From d0691d5aa0b16f654bc6595938f69691748494ed Mon Sep 17 00:00:00 2001
From: Chris Coutinho <chris@coutinho.io>
Date: Thu, 20 Nov 2025 12:00:47 +0100
Subject: [PATCH] feat: Switch files to use numeric IDs with file_path
 resolution
MIME-Version: 1.0
Content-Type: text/plain; charset=UTF-8
Content-Transfer-Encoding: 8bit

- scanner.py: Use file_info['id'] as doc_id instead of file_path
- scanner.py: Pass file_path in DocumentTask for content retrieval
- processor.py: Store file_path in Qdrant payload for later lookup
- context.py: Add _get_file_path_from_qdrant() to resolve file_id → file_path
- context.py: Update get_chunk_with_context() to handle file ID resolution

This makes the system resilient to file renames since file IDs are stable
identifiers in Nextcloud, while file paths can change.
---
 nextcloud_mcp_server/search/context.py   | 80 +++++++++++++++++++++++-
 nextcloud_mcp_server/vector/processor.py | 11 +++-
 nextcloud_mcp_server/vector/scanner.py   | 34 +++++-----
 3 files changed, 105 insertions(+), 20 deletions(-)

diff --git a/nextcloud_mcp_server/search/context.py b/nextcloud_mcp_server/search/context.py
index 9f1b2d7..bc1b8e9 100644
--- a/nextcloud_mcp_server/search/context.py
+++ b/nextcloud_mcp_server/search/context.py
@@ -12,6 +12,68 @@ from nextcloud_mcp_server.client import NextcloudClient
 logger = logging.getLogger(__name__)
 
 
+async def _get_file_path_from_qdrant(
+    user_id: str, file_id: int, chunk_start: int, chunk_end: int
+) -> str | None:
+    """Resolve file_id to file_path by querying Qdrant payload.
+
+    Args:
+        user_id: User ID who owns the file
+        file_id: Numeric file ID
+        chunk_start: Character offset where chunk starts
+        chunk_end: Character offset where chunk ends
+
+    Returns:
+        File path string, or None if not found in Qdrant
+    """
+    try:
+        from qdrant_client.models import FieldCondition, Filter, MatchValue
+
+        from nextcloud_mcp_server.config import get_settings
+        from nextcloud_mcp_server.vector.qdrant_client import get_qdrant_client
+
+        qdrant_client = await get_qdrant_client()

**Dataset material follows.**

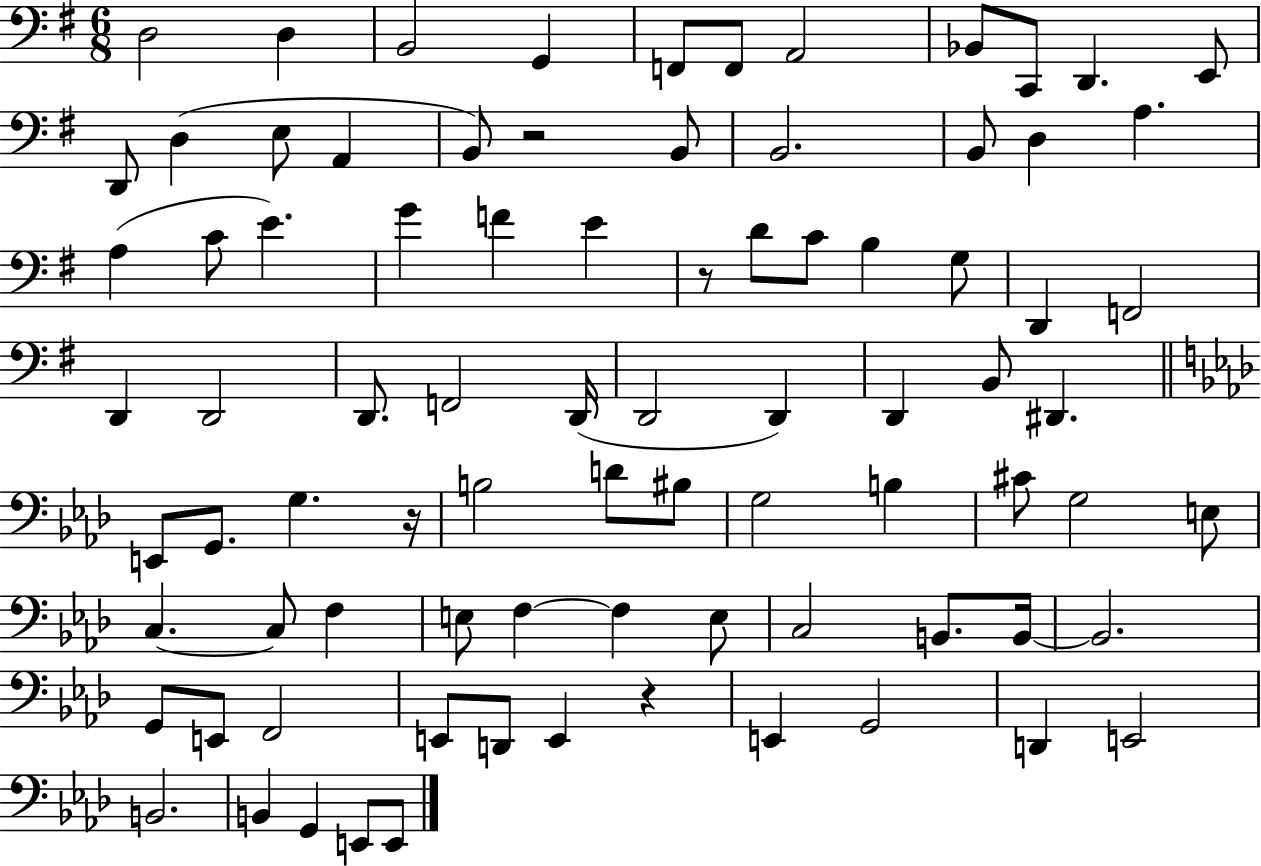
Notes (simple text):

+        settings = get_settings()
+
+        # Query for the specific chunk
+        scroll_result = await qdrant_client.scroll(
+            collection_name=settings.get_collection_name(),
+            scroll_filter=Filter(
+                must=[
+                    FieldCondition(key="user_id", match=MatchValue(value=user_id)),
+                    FieldCondition(key="doc_id", match=MatchValue(value=file_id)),
+                    FieldCondition(key="doc_type", match=MatchValue(value="file")),
+                    FieldCondition(
+                        key="chunk_start_offset", match=MatchValue(value=chunk_start)
+                    ),
+                    FieldCondition(
+                        key="chunk_end_offset", match=MatchValue(value=chunk_end)
+                    ),
+                ]
+            ),
+            limit=1,
+            with_payload=["file_path"],
+            with_vectors=False,
+        )
+
+        if scroll_result[0]:
+            point = scroll_result[0][0]
+            file_path = point.payload.get("file_path")

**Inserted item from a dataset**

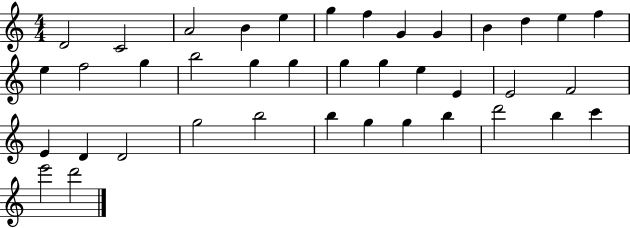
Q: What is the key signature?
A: C major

+            if file_path:
+                logger.debug(f"Resolved file_id {file_id} to file_path {file_path}")
+                return str(file_path)
+
+        logger.warning(
+            f"Could not find file_path in Qdrant for file_id {file_id}, "
+            f"chunk [{chunk_start}:{chunk_end}]"
+        )
+        return None
+
+    except Exception as e:
+        logger.error(f"Error querying Qdrant for file_path: {e}", exc_info=True)
+        return None
+
+
 @dataclass
 class ChunkContext:
     """Expanded chunk with surrounding context and position markers.
@@ -64,7 +126,7 @@ async def get_chunk_with_context(
     Args:
         nc_client: Authenticated Nextcloud client
         user_id: User ID who owns the document
-        doc_id: Document ID (note ID or file path)
+        doc_id: Document ID (int for notes/files)
         doc_type: Type of document ("note", "file", etc.)
         chunk_start: Character offset where chunk starts
         chunk_end: Character offset where chunk ends
@@ -77,8 +139,22 @@ async def get_chunk_with_context(
         ChunkContext with expanded context and markers, or None if document
         cannot be retrieved
     """
+    # For files, retrieve file_path from Qdrant payload
+    resolved_doc_id = doc_id
+    if doc_type == "file" and isinstance(doc_id, int):
+        file_path = await _get_file_path_from_qdrant(
+            user_id, doc_id, chunk_start, chunk_end
+        )
+        if not file_path:
+            logger.warning(
+                f"Could not resolve file_id {doc_id} to file_path from Qdrant"
+            )
+            return None
+        resolved_doc_id = file_path
+        logger.debug(f"Resolved file_id {doc_id} to file_path {file_path}")
+
     # Fetch full document text
-    full_text = await _fetch_document_text(nc_client, doc_id, doc_type)
+    full_text = await _fetch_document_text(nc_client, resolved_doc_id, doc_type)
     if full_text is None:
         logger.warning(
             f"Could not fetch document text for {doc_type} {doc_id}, "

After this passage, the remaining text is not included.